1. Power Chord Spaghetti – Although our mobile devices are still tethered to power outlets, we live in an age of functional convergence. Packing for a business trip in the early-90’s involved a few extra (and now-obsolete) checklist items: a cellphone (the old bulky version); a pager (a must in the days before phone texting); and a PDA (the most popular “personal data assistant” in my office was the Palm Pilot). Today, a smartphone can handily perform all the data and voice capabilities that had once required three devices.
2. Stylus Staccato – Remember tirelessly tapping away on your PDA with that little plastic pencil? Although some of us use a stylus on our tablets, most of us are accustomed to typing directly on our mobile devices. The late Steve Jobs had strong convictions about removing these implements from the consumer’s experience of interacting with Apple’s (NASDAQ: AAPL) tablet devices. Most of us now take touch-pad devices for granted. Images of stylus typing on PDA’s are now the stuff of sitcom site gags.

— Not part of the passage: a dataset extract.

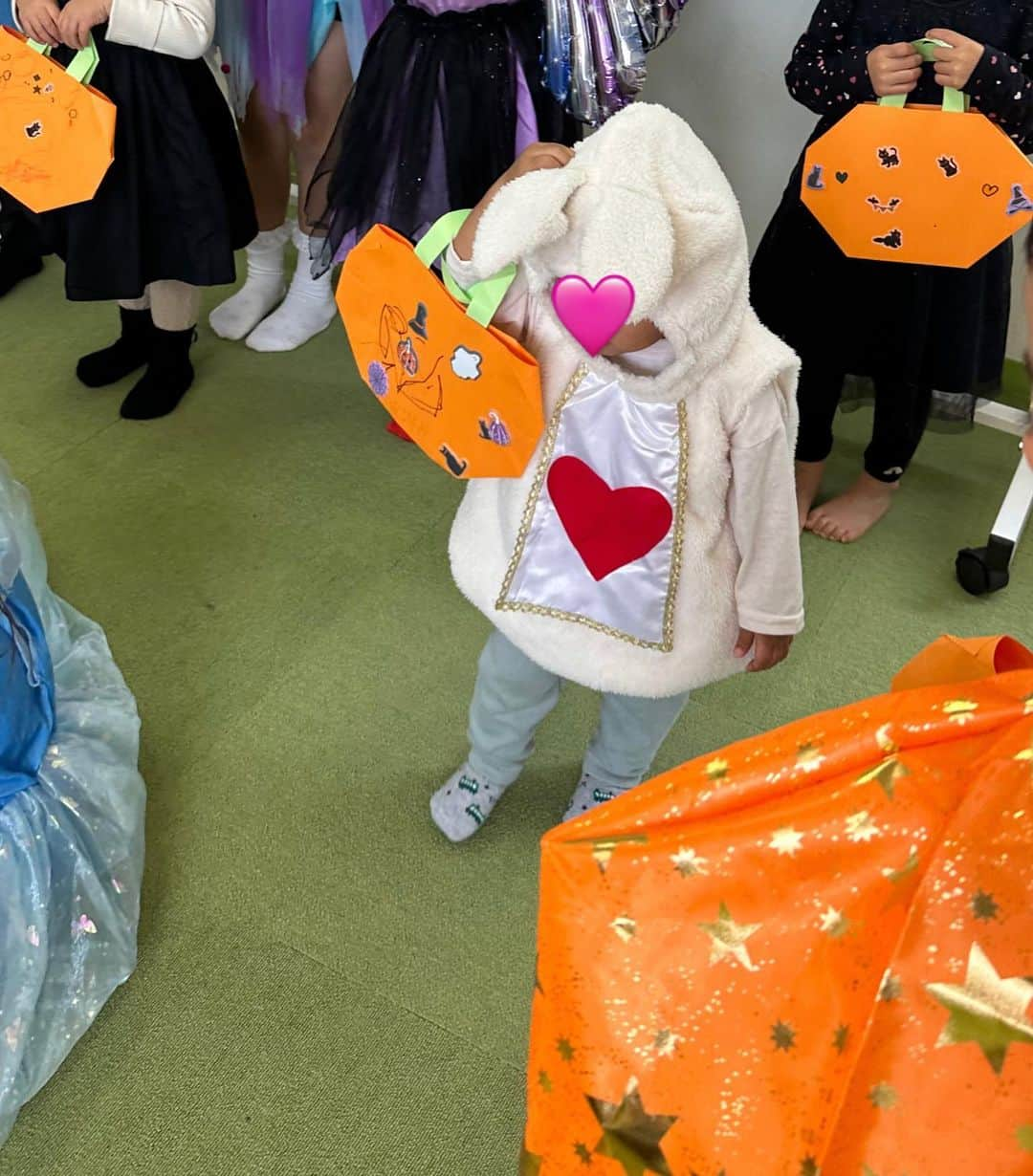 ゆうかさんのインスタグラム写真 - (ゆうかInstagram)「Happy Halloween🎃🩷 末っ子も1歳なのにparty参加させてもらえたよ👻 . バッグ作ったりお菓子もらったり楽しかったね🎀 . 今年は自分の衣装悩んでるうちに終わった笑 来年こそは私も仮装したいな🥹🫶 . . #ハロウィン #ハロウィンコスプレ #ハロウィンパーティー  #3児ママ #3児のママ #アリス#コスプレ#仮装 #仮装パーティー #アフタースクール #英語育児#男の子ママ#女の子ママ#1歳#6歳女の子 #10歳差兄弟 #11歳」10月31日 18時34分 - yuuka_japan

3. Pay Phone Pandemonium – As a frequent air traveler, I vividly recall the chaotic rush to the nearest public phone bank that accompanied announcements of flight delays. Some of the most eventful phone conversations of my early career — job offers, interviews, important conference calls — took place while I was hunched over a pay phone near the gate of a departing flight or train. Our smartphones haven’t necessarily made our conversations more private, but they’ve undoubtedly made them feel more personal.

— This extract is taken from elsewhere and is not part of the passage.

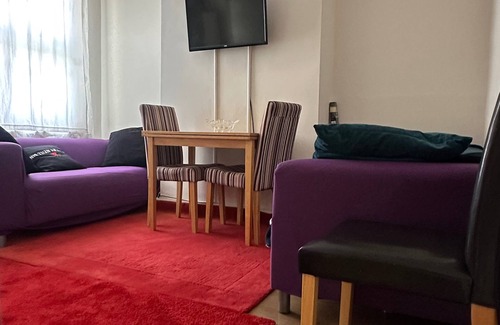 Reading House | Curzon Street Retreat - 4 Beds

4. Floppy Disk Fumbling – Toting my old, bulky laptop (now called a notebook) computer in the 90’s required an accompanying collection of hard plastic storage files. I still have boxes of them somewhere in my closet. Whether you call them stick drives, key drives or pen drives, most of us would agree that traveling with small USB flash drives is a step-up in convenience and portability. Alas, even the once vaunted flash drive has gone the way of the stylus, cast aside in favor of saving files to the cloud.